Entrerà comunque nel vivo solo nell’udienza del prossimo 6 luglio il processo di secondo grado relativo all’indagine Xenia. Sarà allora che i giudici relazioneranno sulle posizioni dei presunti capi dell’associazione a delinquere che avrebbe compiuto «un arrembaggio» fatto di «meccanismi illeciti e perversi, fondati sulla cupidigia e sull’avidità» sulle risorse che arrivavano in paese per i numerosi progetti di inclusione e accoglienza che avevano fatto di Riace un miracolo da studiare all’università.
La condanna
Saranno i giudici di piazza Castello a decidere se, come dicono le oltre 900 pagine di motivazioni alla sentenza del primo giudice, Mimmo Lucano sarebbe a capo di «un’organizzazione tutt’altro che rudimentale che rispettava regole ben precise a cui tutti puntualmente si assoggettavano». Un’associazione che avrebbe agito alle spalle degli stessi migranti, riducendo l’intero progetto «a forma residuale e strumentale… così alimentando gli appetiti di chi poteva fare incetta di quelle somme senza alcuna forma di pudore».

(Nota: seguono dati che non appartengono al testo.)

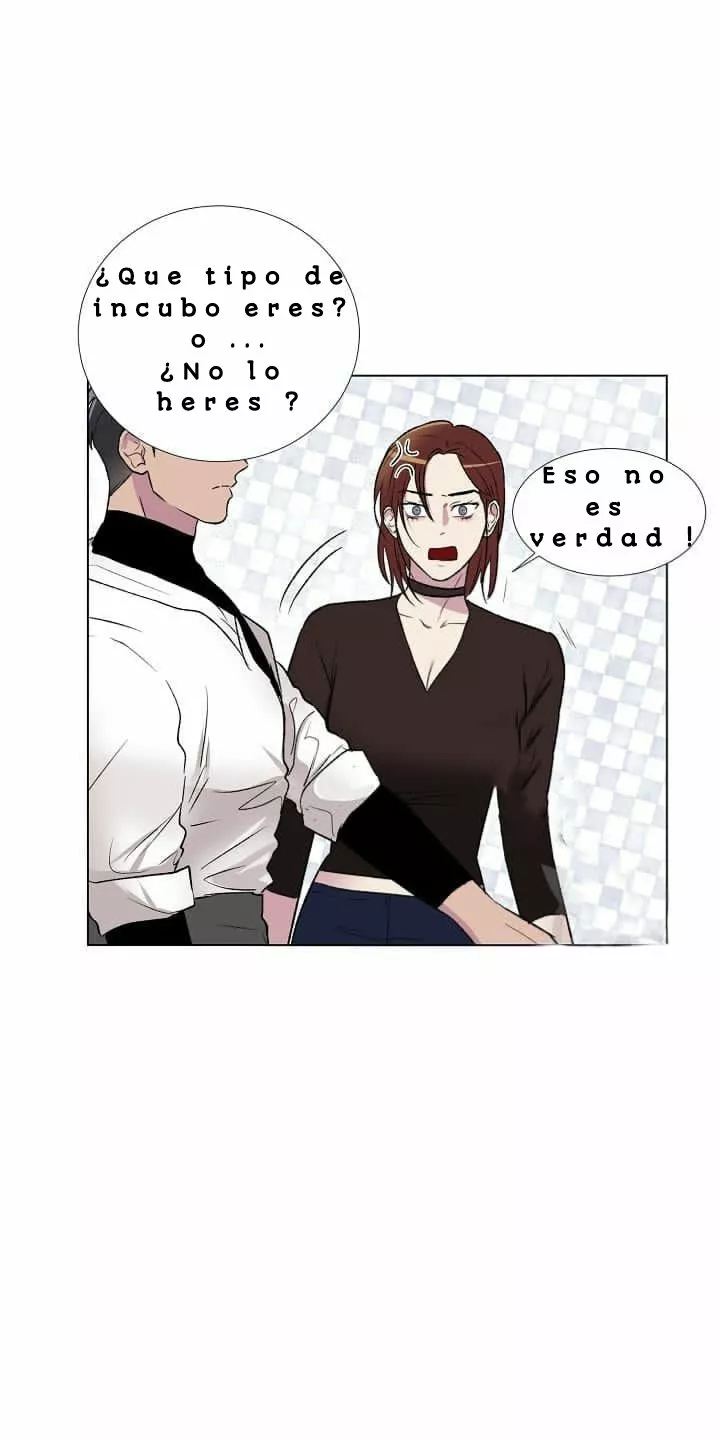 Que hay debajo de esas alas Capítulo 3 - Page 35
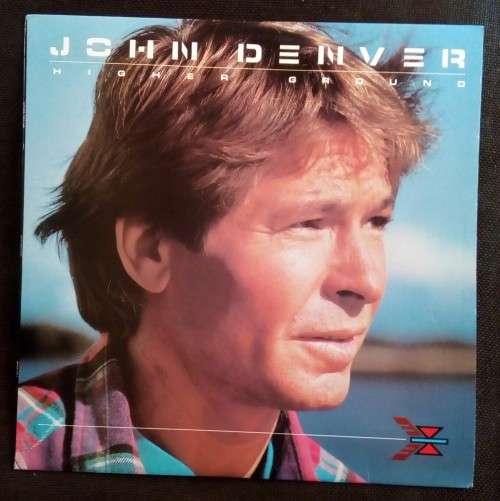 John Denver - Higher Ground LP Vinyl Record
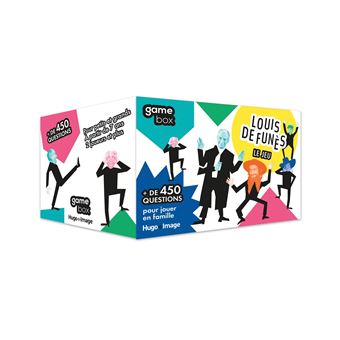 Game box Louis de Funès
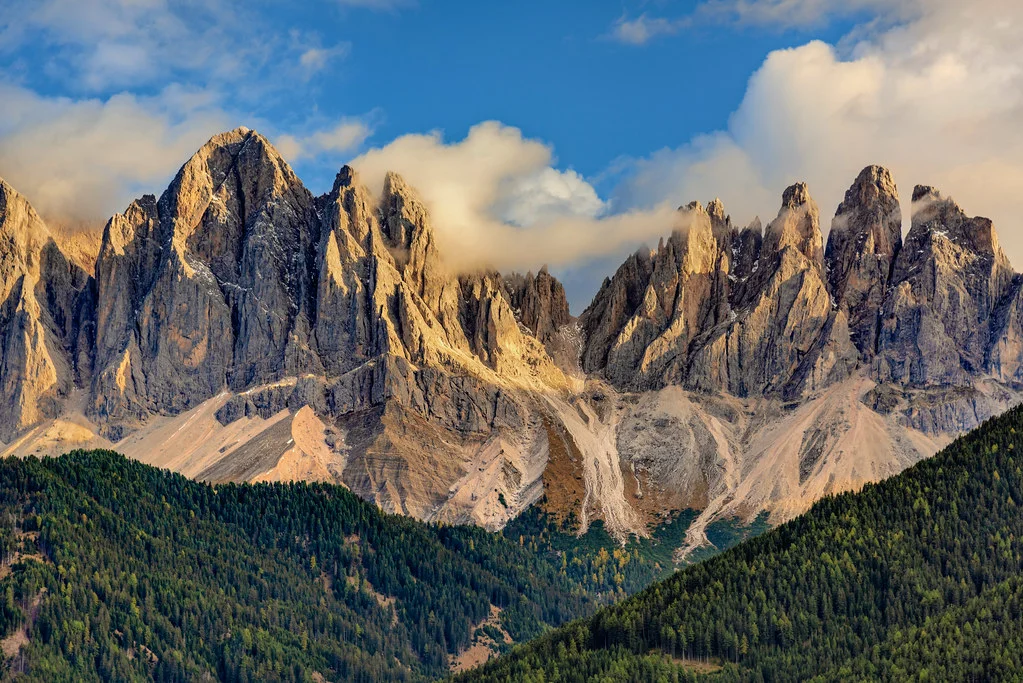 Sass Rigais, Italie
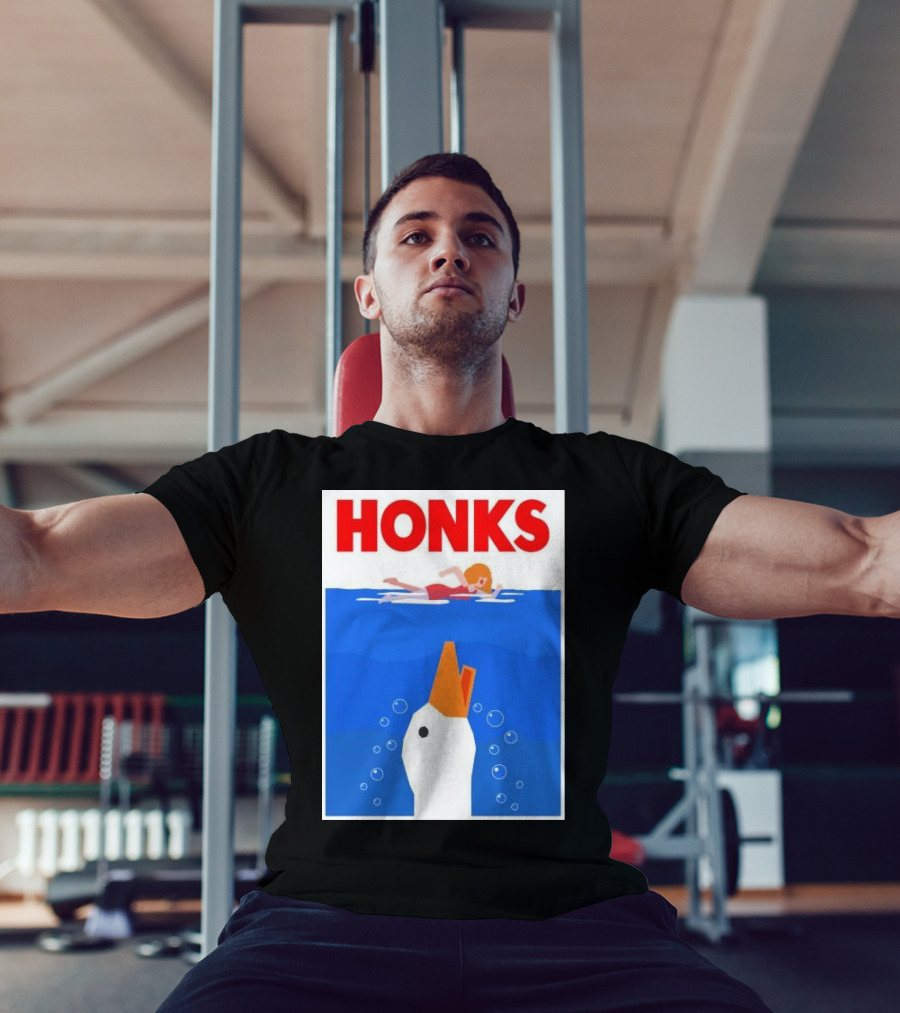 HONKS Goose Jaws T-Shirt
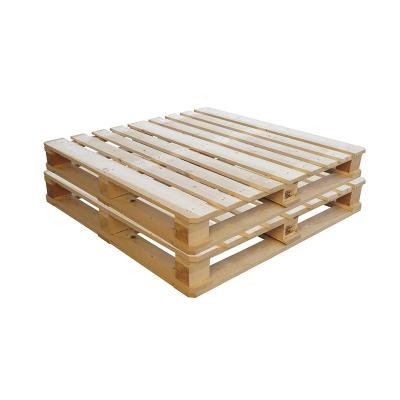 Chine Logistique Palette en bois fumigée Entreposage de palettes en bois neuves et d'occasion à vendre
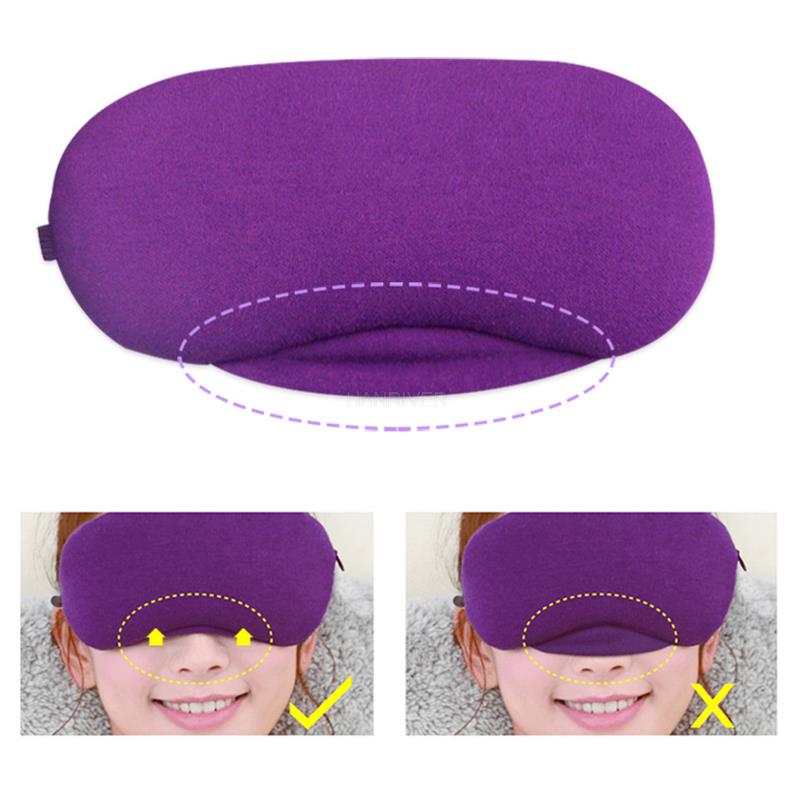 USB Heated Eye Mask Far Infrared Eye Mask Hot Eye Compression for Puffy Eyes Stye Blepharitis Eye Massager for Dry Eye Relieve Fatigue Promote Sleep
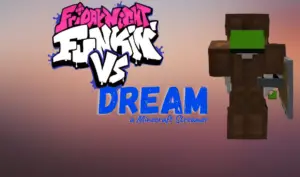 FNF vs Dream, a Minecraft Streamer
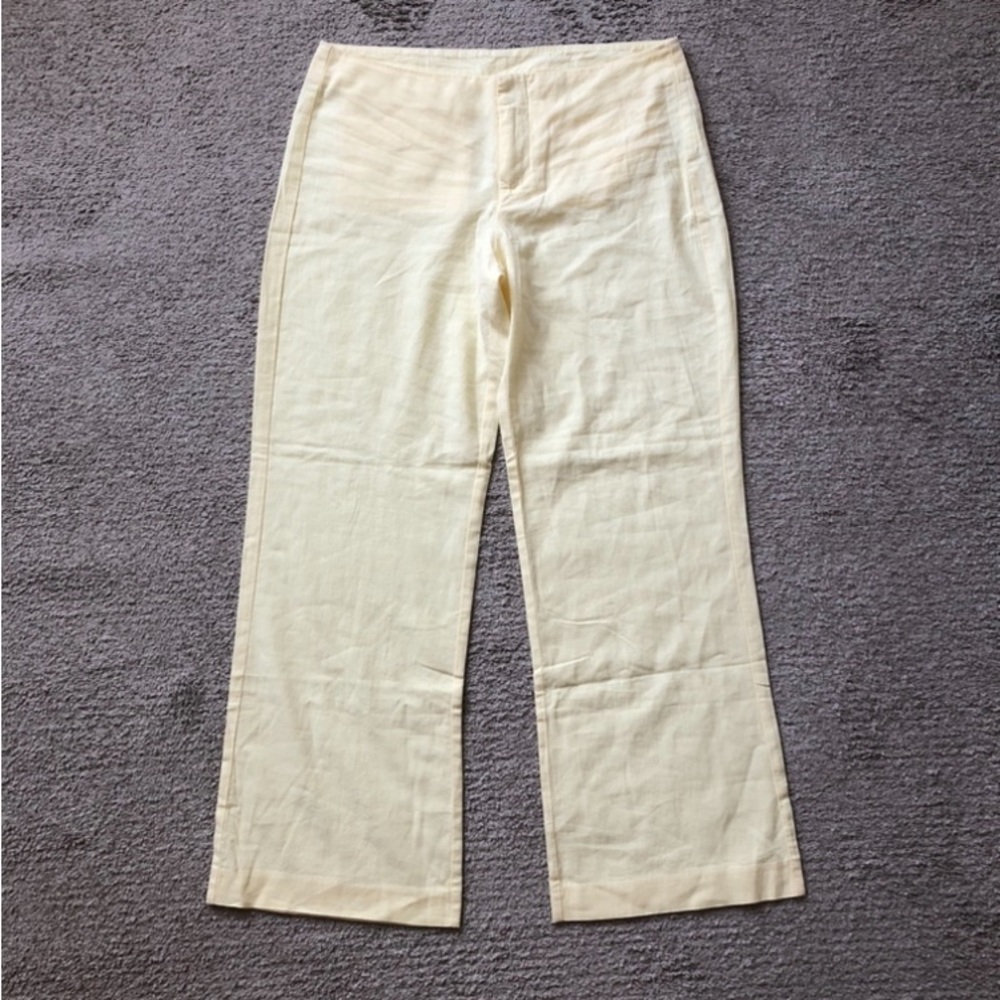 Gap- Linen Blend Pants. NWOT.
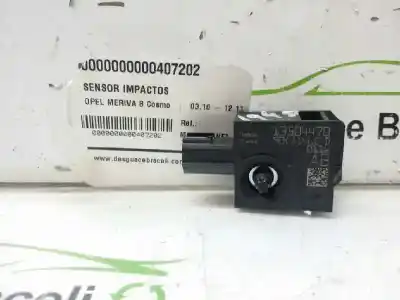 Second-hand car spare part collision / impact sensor for opel meriva b cosmo oem iam references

Motivazioni pesanti come macigni e attraverso cui, il collegio locrese ha determinato, nei confronti di Lucano, una condanna a 13 anni e rotti di carcere per i reati di associazione a delinquere, falso in atto pubblico, peculato, abuso d’ufficio e truffa: 21 reati contenuti in 10 capi d’accusa (sui 16 totali di cui era imputato). Una condanna andata ben oltre le richieste dei pm dell’accusa, che in sede di requisitoria avevano avanzato per l’ex sindaco una richiesta a 7 anni e 10 mesi di reclusione. E che di fatto ha scritto la parola fine sull’intero progetto d’accoglienza che, scrivevano i giudici di primo grado, si era ridotto ad un “baraccone” «per alimentare l’immagine di politico illuminato che egli ha cercato di dare di sé ad ogni costo».
Mimmo Lucano in appello
E se durissime erano state le motivazioni redatte dal collegio locrese, altrettanto dura era stata la richiesta d’Appello presentata dai legali dell’ex primo cittadino di Riace, Giuliano Pisapia e Andrea Daqua, che quella stesa sentenza l’avevano bollata come «macroscopicamente deforme rispetto a quanto emerso in udienza». Ben 140 pagine di argomentazioni dettagliatissime che il collegio difensivo del “curdo” aveva utilizzato per provare a smontare pezzo per pezzo la verità venuta fuori dal primo grado di giudizio. Sia dal punto di vista del riscontro politico che da quello giudiziario.